No matter what, communication is important. Both Dr. Hurria and Dr. Freedman spoke about including your priorities when making decisions.
Make sure your medical team, as well as any caregivers or family with you, knows what you want out of treatment and any concerns you have. Ask questions and understand why your doctors do or do not recommend a treatment, Dr. Freedman says.
You can start a good conversation by doing the patient sections of the geriatric assessment on the Cancer and Aging Research Group website at mycarg.org, Dr. Hurria says. This could start some important discussions and prompt your doctors to complete the rest of the assessment. If you want help, ask someone you trust to work with you.
“Admittedly, we’re not great about asking how many falls somebody has had in the last 6 months or how far can you walk before you’re tired,” Dr.

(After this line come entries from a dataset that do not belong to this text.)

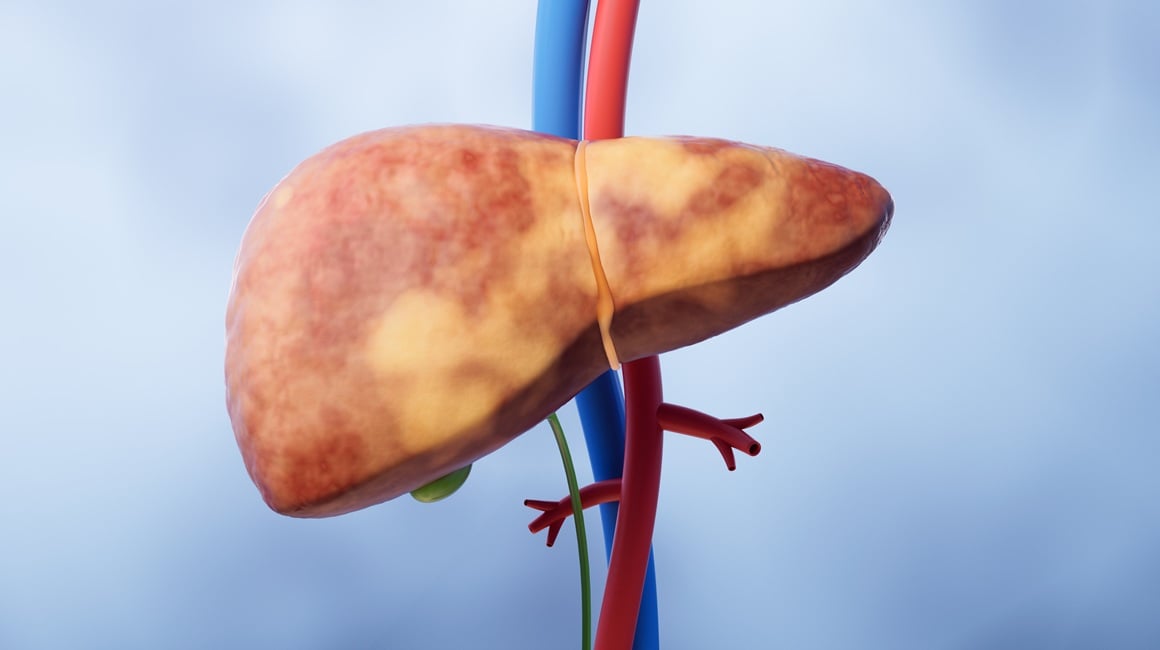 Mislite da imate samo masnu jetru Evo zašto biste trebali provjeriti i srce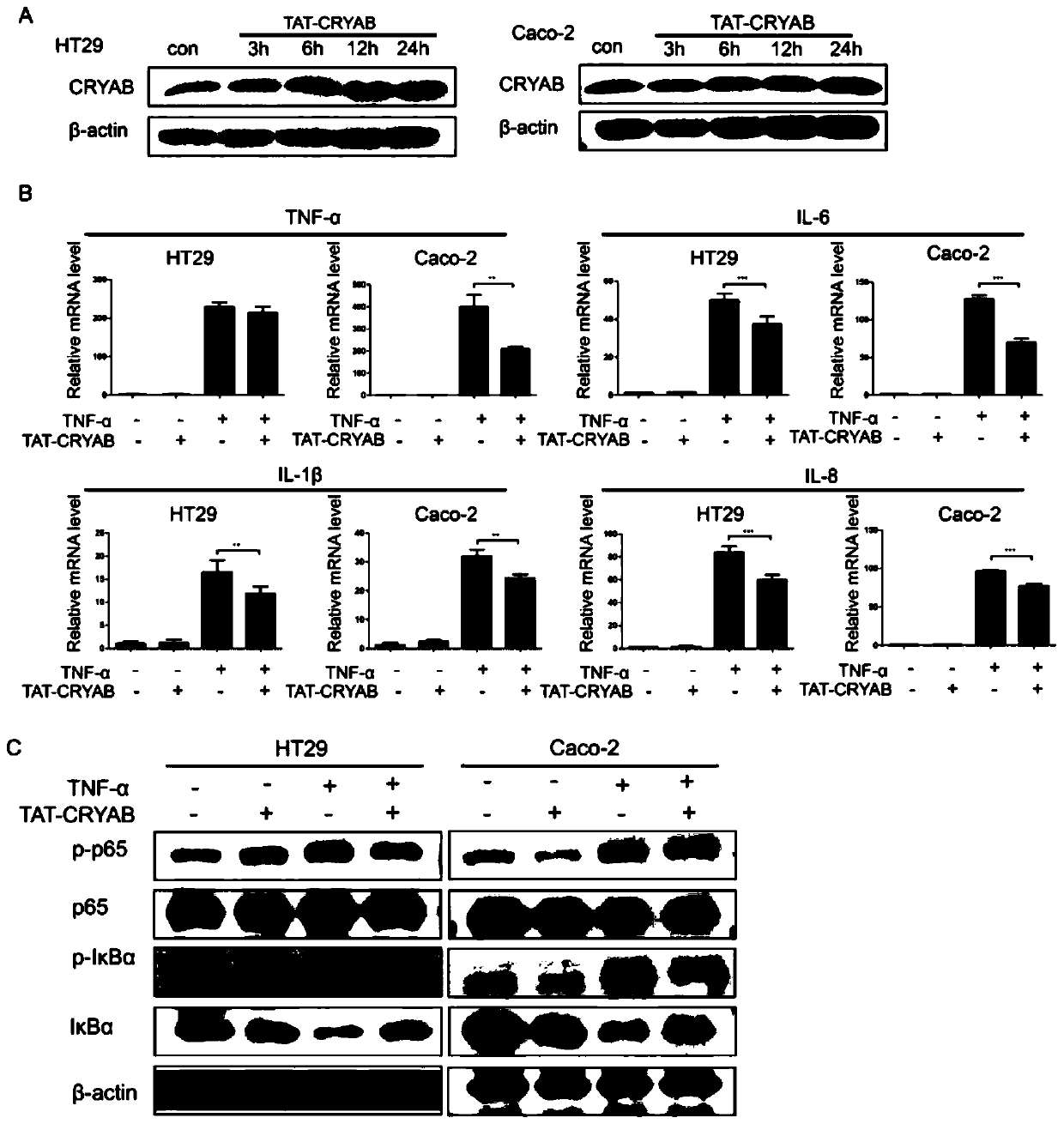 Application method of TAT-CRYAB fusion protein in intestinal inflammation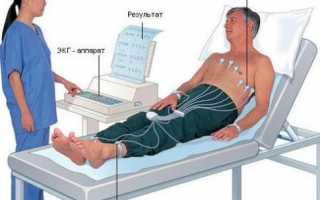 В каких случаях и как делают ЭКГ сердца?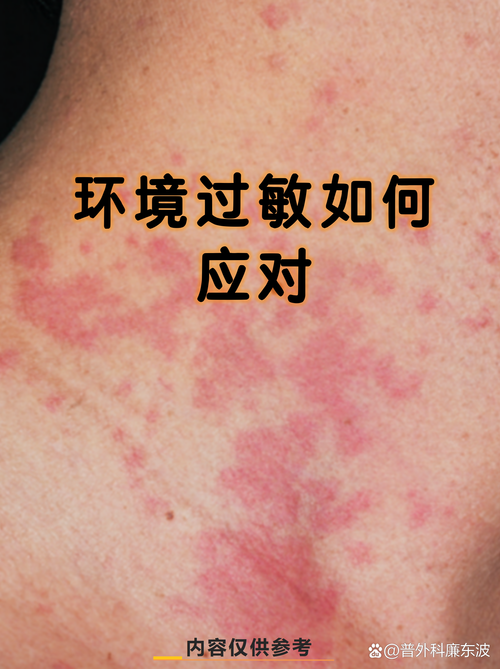 环境过敏?你以为的干净,其实全是坑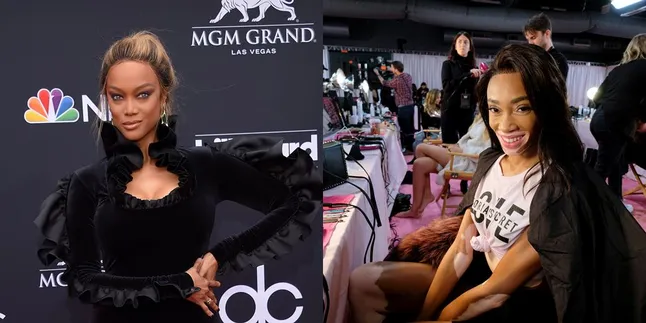 Winnie Harlow Anggap ANTM Tak Beri Kontribusi Karirnya, Ini Tanggapan Tyra Banks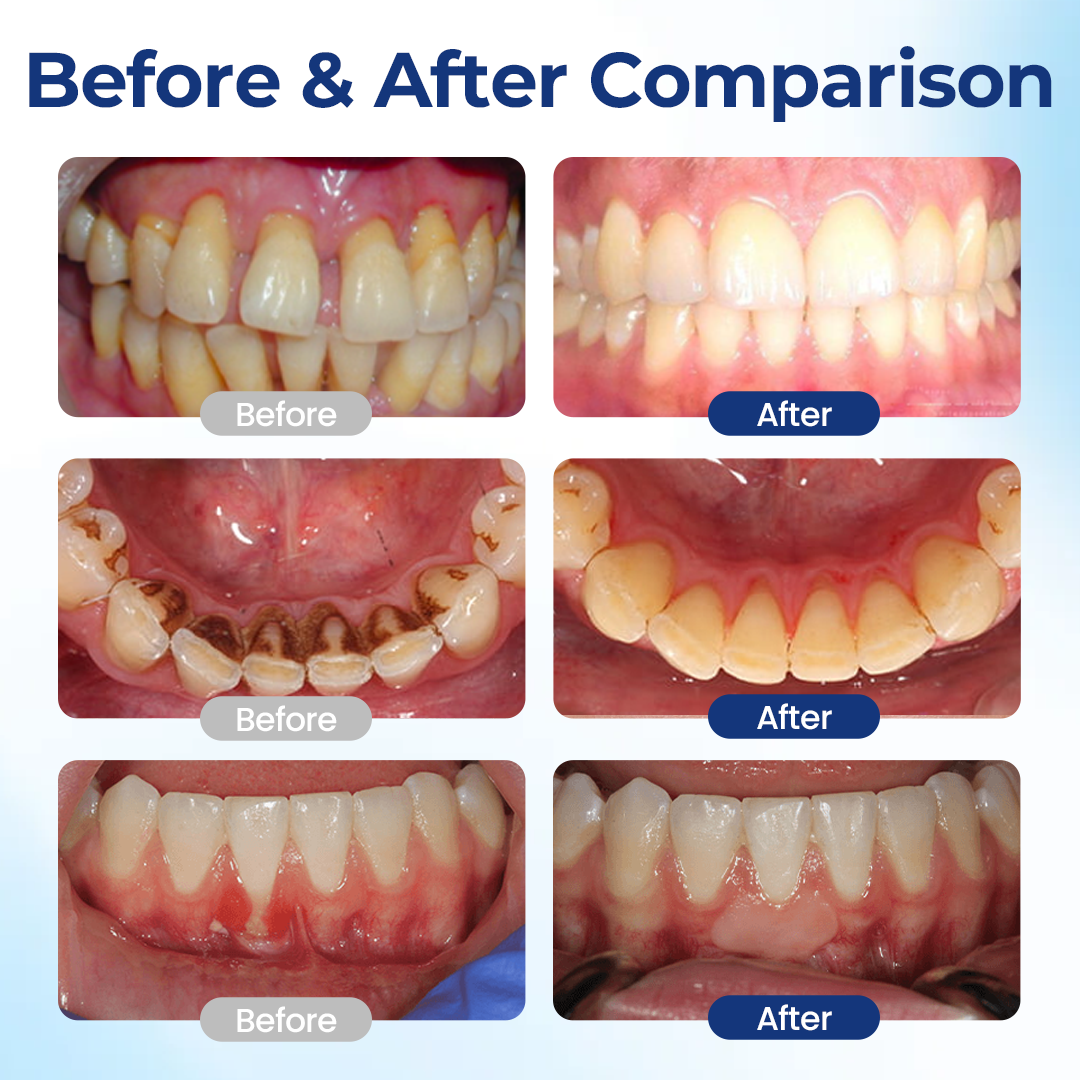 ToothPower™ – Tooth & Gum Strength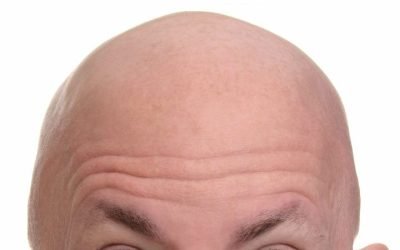 hair transplant the pros and cons 2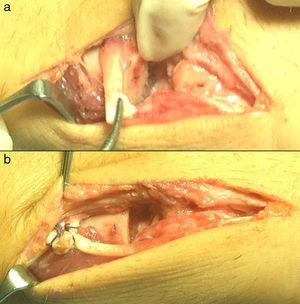 Plastia de interposición con hemitendón del extensor carpi ulnaris a modo de corbata o bufanda sobre el muñón proximal del cúbito (a) y sutura del hemitendón sobre sí mismo (b).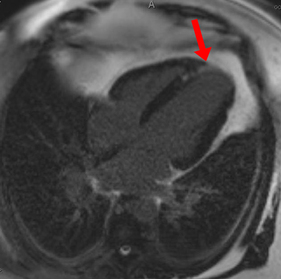 delayed enhancement myocardial infarction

Freedman says. “These elements are extremely important in predicting how somebody’s going to do with treatment, and even how long they’re going to live.”
Though Jeanette is happy with her cancer team’s communication, she has also pressed when something was important for her. She found a dietitian and counselor on her own, even though her treatment center offered them.
“I sought them out based on what was most important to me,” Jeanette says. And taking that step has helped her feel good, and stay positive, through treatment.
* Dr. Hurria died in November 2018. We dedicate this piece to her memory, and to all those she touched through her care and advocacy throughout her life.